[ACTIVITY] From the entries below, copy exactly the lines from the one that contains "Осенне-зимние шерстяные рубашки, пальто, женские" through the one that contains "20 câu trắc", both included, and only those.
═════ EXERCISE DATA ═════
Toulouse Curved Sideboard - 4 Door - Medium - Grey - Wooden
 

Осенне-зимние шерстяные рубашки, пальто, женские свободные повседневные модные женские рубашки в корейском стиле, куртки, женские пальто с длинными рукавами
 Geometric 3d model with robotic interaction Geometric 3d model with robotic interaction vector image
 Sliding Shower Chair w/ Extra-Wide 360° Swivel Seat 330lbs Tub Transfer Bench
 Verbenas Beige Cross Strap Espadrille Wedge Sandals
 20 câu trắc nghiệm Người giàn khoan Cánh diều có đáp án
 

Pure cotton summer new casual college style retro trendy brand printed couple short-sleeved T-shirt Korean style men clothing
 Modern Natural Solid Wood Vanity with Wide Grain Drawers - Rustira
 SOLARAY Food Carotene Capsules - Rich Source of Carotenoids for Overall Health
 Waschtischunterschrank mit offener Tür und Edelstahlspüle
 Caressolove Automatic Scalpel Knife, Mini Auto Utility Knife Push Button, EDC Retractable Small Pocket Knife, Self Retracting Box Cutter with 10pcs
═════
[EXERCISE RESULT]
Осенне-зимние шерстяные рубашки, пальто, женские свободные повседневные модные женские рубашки в корейском стиле, куртки, женские пальто с длинными рукавами
 Geometric 3d model with robotic interaction Geometric 3d model with robotic interaction vector image
 Sliding Shower Chair w/ Extra-Wide 360° Swivel Seat 330lbs Tub Transfer Bench
 Verbenas Beige Cross Strap Espadrille Wedge Sandals
 20 câu trắc nghiệm Người giàn khoan Cánh diều có đáp án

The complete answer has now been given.